Update docs and README, add additional info (#57)

wwwil · jetstack-bot · commit 433f53cb7b9a · 2020-01-24T08:52:32.000Z
Signed-off-by: wwwil &lt;wwwil.squires@gmail.com&gt;
diff --git a/README.md b/README.md
@@ -9,7 +9,8 @@
 
 # Jetstack Preflight
 
-Preflight is a tool to automatically perform Kubernetes cluster configuration checks using [Open Policy Agent (OPA)](https://www.openpolicyagent.org/).
+Preflight is a tool to automatically perform Kubernetes cluster
+configuration checks using [Open Policy Agent (OPA)](https://www.openpolicyagent.org/).
 
 <!-- markdown-toc start - Don't edit this section. Run M-x markdown-toc-refresh-toc -->
 **Table of Contents**
@@ -23,11 +24,9 @@ Preflight is a tool to automatically perform Kubernetes cluster configuration ch
 
 <!-- markdown-toc end -->
 
-
 ## Background
 
-Preflight was originally designed to automate Jetstack's
-production readiness assessments.
+Preflight was originally designed to automate Jetstack's production readiness assessments.
 These are consulting sessions in which a Jetstack engineer inspects a customer's
 cluster to suggest improvements and identify configuration issues. 
 The product of this assessment is a report
@@ -39,53 +38,100 @@ Automating the checks allows them to be more comprehensive and much faster.
 
 The automation also allows the checks to be run repeatedly,
 meaning they can be deployed in-cluster to provide continuous configuration checking.
-
 This enables new interesting use cases as policy compliance audits.
 
+## Preflight Application
+
+The Preflight application uses *data gatherers*
+to collect required data in JSON format.

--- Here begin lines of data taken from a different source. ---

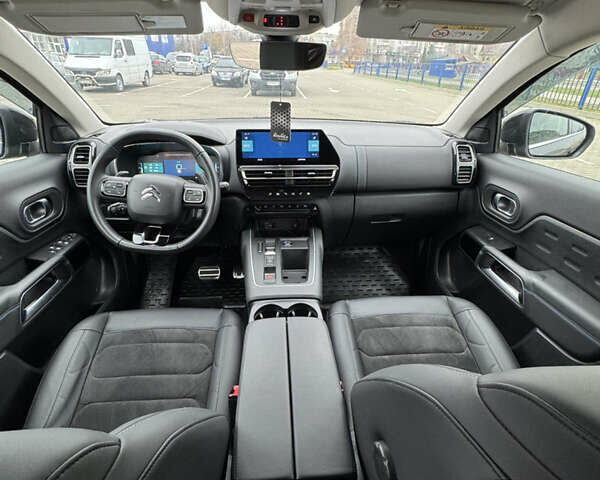 Серый Ситроен C5 Aircross, объемом двигателя 1.6 л и пробегом 14 тыс. км за 28500 $, фото 21 на Automoto.ua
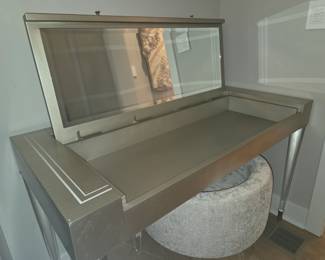 Caracole “Moment of Clarity” Vanity table 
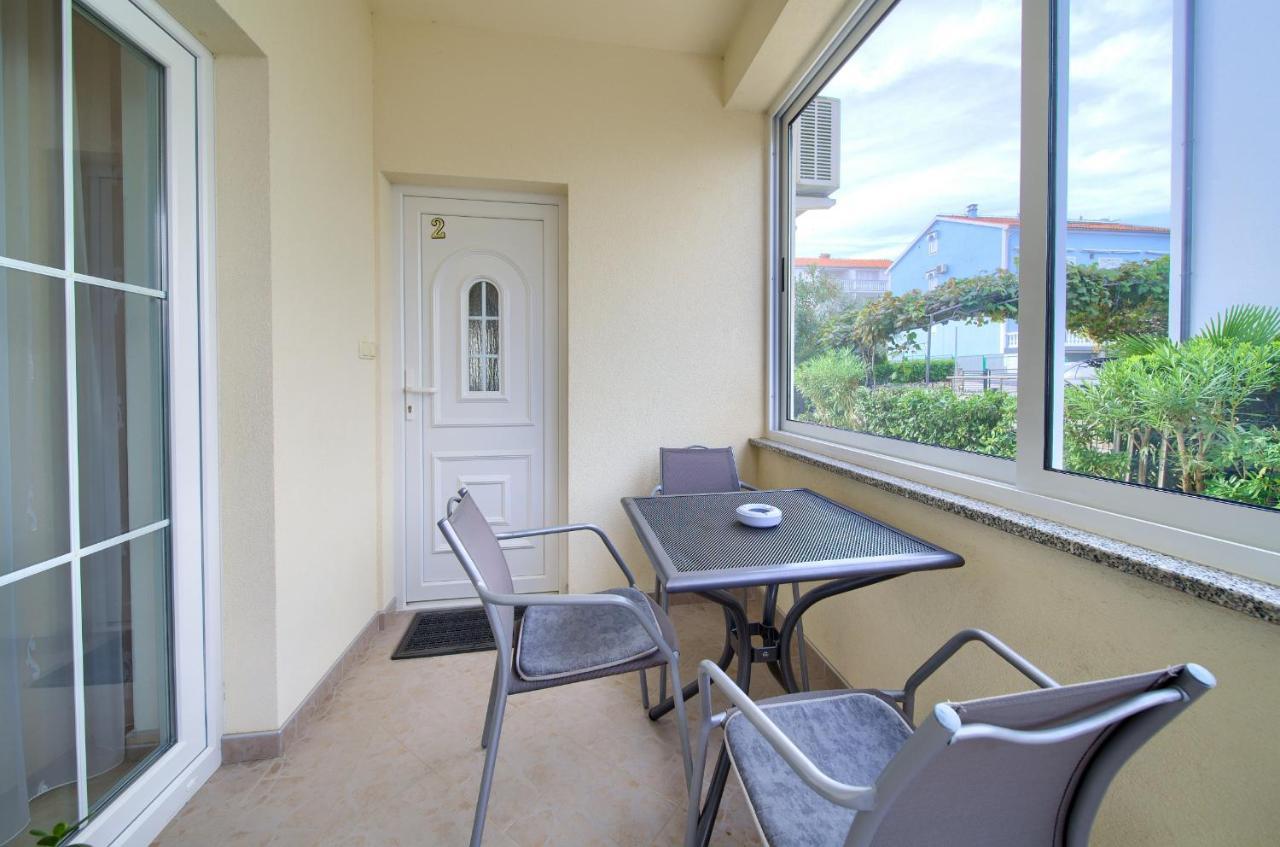 Apartmani Mara Matic Malinska Zewnętrze zdjęcie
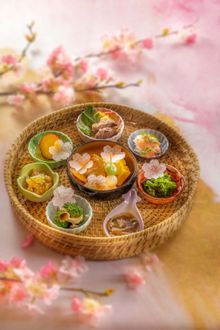 Assorted Seasonal Appetisers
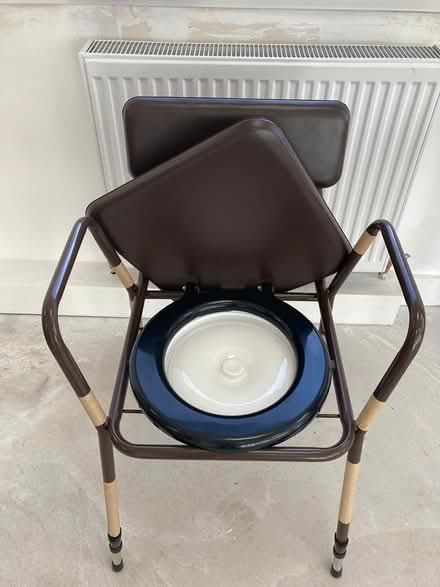 Photo of free comode (Altrincham) #2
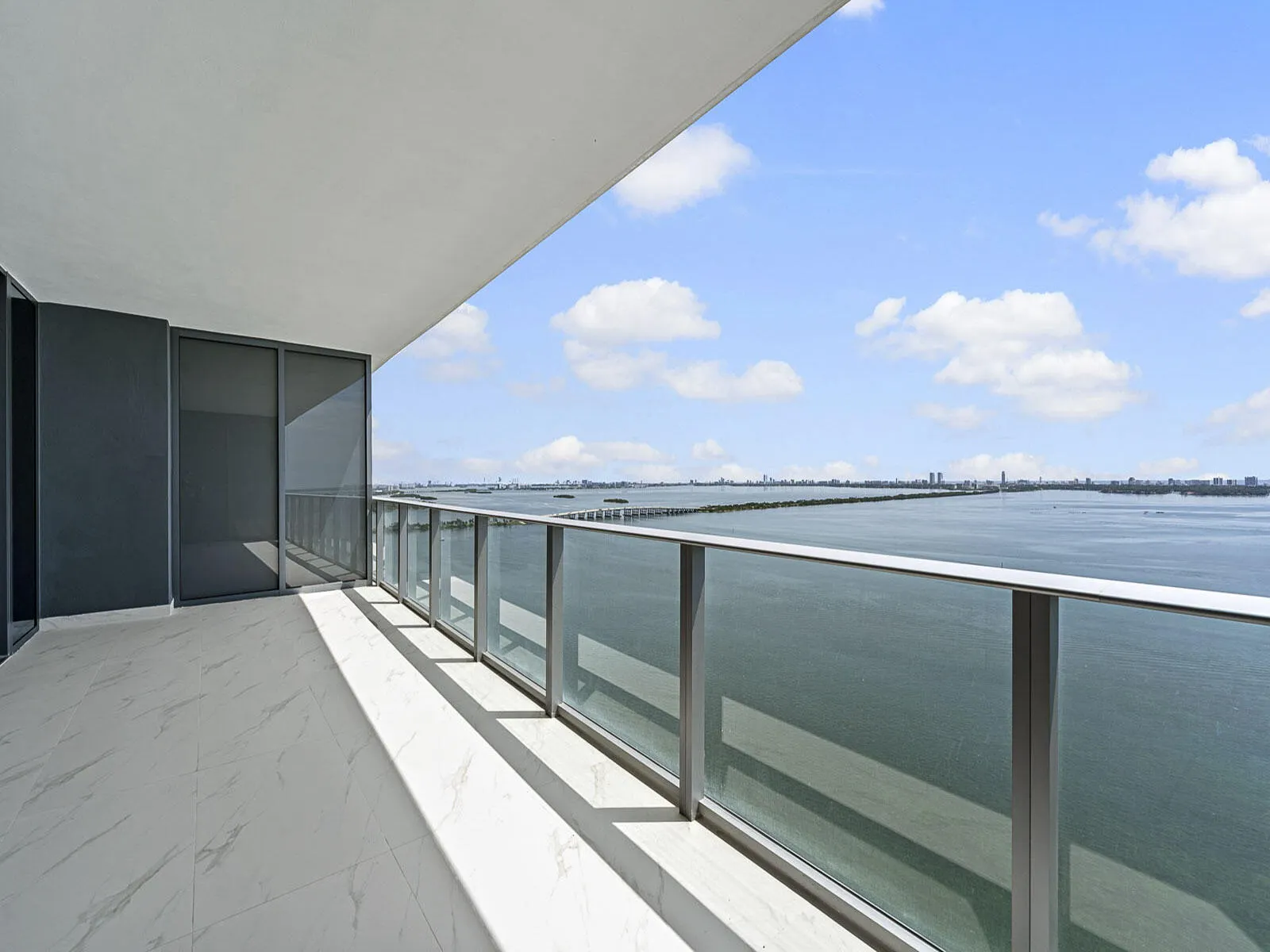 700 NE 24th Street, #3002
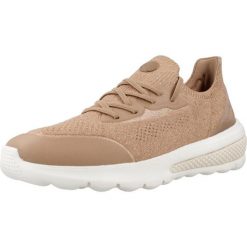 Buty GEOX D SPHERICA ACTIF Brąz. Brązowe buty trekkingowe Geox, z tkaniny, bez zapięcia. Za 284.99 zł.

+Preflight then checks the gathered data against rules specified in
+*Preflight packages* and outputs rule violations with relevant information.
+
+Preflight is designed to run both locally for one-off checking,
+and in-cluster to for continuous checking.
+
 ## Preflight Packages
 
-Policies for cluster configuration are encoded into "Preflight Packages".
+Policies for cluster configuration are encoded into *Preflight packages*.
+You can find some examples in [./preflight-packages](./preflight-packages).
 
-You can find some examples in [./preflight-packages](./preflight-packages) and you can also [write your own Preflight Packages](./docs/how_to_write_packages.md).
+Each package focuses on a different aspect of the cluster.
+For example, the [`gke_basic`](preflight-packages/examples.jetstack.io/gke_basic)
+package provides rules for the configuration of a GKE cluster,
+and the [`pods`](preflight-packages/jetstack.io/pods) package
+provides rules for the configuration of Kubernetes Pods.
 
-Preflight Packages are a very thin wrapper around OPA's policies. A package is made of [Rego](https://www.openpolicyagent.org/docs/latest/#rego) files (OPA's high-level declarative language) and a *Policy Manifest*.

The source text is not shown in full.